Lira tem defendido o retorno do auxílio, aprovado pelo Congresso em março de 2020 e pago pelo governo de abril a dezembro, como uma das medidas de enfrentamento à crise gerada pela pandemia de covid-19.

“Urge que o ministro [da Economia, Paulo] Guedes nos dê, com sensibilidade do governo, uma alternativa viável dentro dos parâmetros da economia, como ele pensa e como a sociedade deseja. A situação está ficando crítica para a população e a gente tem que encontrar uma alternativa”, disse o presidente da Câmara.

Equilíbrio fiscal

Segundo Lira, o pagamento de novas parcelas do auxílio não precisa depender da aprovação de projetos defendidos pelo governo, como as Propostas de Emenda à Constituição (PECs) Emergencial e do Pacto Federativo, que tratam de medidas de equilíbrio fiscal.

Lira destacou que as PECs darão uma sinalização positiva para a economia. Ele disse ainda que com a aprovação das propostas, seria possível substituir o auxílio emergencial por um novo programa social. Lira ressaltou, entretanto, que a tramitação das propostas deve começar logo após o Carnaval, com o funcionamento das comissões.

“As PECs caminharão independente disso. Agora, é lógico que elas são um subsídio importantíssimo de sinalização de uma estabilização econômica, social, de destravamento do crescimento do Brasil, e isso impacta diretamente no humor, na economia e na facilitação dos temas como o auxílio ou a criação de um novo programa.
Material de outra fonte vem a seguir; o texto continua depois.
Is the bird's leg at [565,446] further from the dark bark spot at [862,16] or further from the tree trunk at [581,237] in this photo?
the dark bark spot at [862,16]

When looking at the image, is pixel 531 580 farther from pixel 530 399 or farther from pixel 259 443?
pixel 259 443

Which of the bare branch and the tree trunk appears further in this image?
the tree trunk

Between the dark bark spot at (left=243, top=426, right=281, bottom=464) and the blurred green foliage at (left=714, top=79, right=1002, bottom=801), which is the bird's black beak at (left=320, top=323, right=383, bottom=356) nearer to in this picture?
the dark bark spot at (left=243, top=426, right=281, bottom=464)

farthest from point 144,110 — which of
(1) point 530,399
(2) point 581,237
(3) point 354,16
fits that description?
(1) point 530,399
O auxílio seria transitório até chegarmos neste ponto”, afirmou.

Lira disse que ainda não tratou com Guedes sobre a retomada do pagamento, qual o valor das parcelas ou de onde sairão os recursos. Ele lembrou que o Orçamento de 2021, enviado pelo governo ao Congresso Nacional, ainda não foi votado. A proposta orçamentária não prevê o pagamento do auxílio.

Teto de gastos

De acordo com o presidente da Câmara, as soluções para o pagamento do auxílio devem levar em conta o teto de gastos, que determina que o total das despesas do governo não pode crescer acima do que foi gasto no ano anterior, corrigido pela inflação.

“Nada fora do teto. Não há possibilidade de fazer nenhum movimento que quebre as regras que nós mesmos criamos, a não ser com a pandemia, com uma segunda onda muito grave, o governo teria seus mecanismos”, disse.

Fonte de recursos

Nessa quarta-feira (10), o ministro da Economia, Paulo Guedes, defendeu que as discussões sobre a retomada do auxílio emergencial sejam acompanhadas da responsabilidade fiscal, com a busca de uma fonte de recursos para financiar a recriação do benefício.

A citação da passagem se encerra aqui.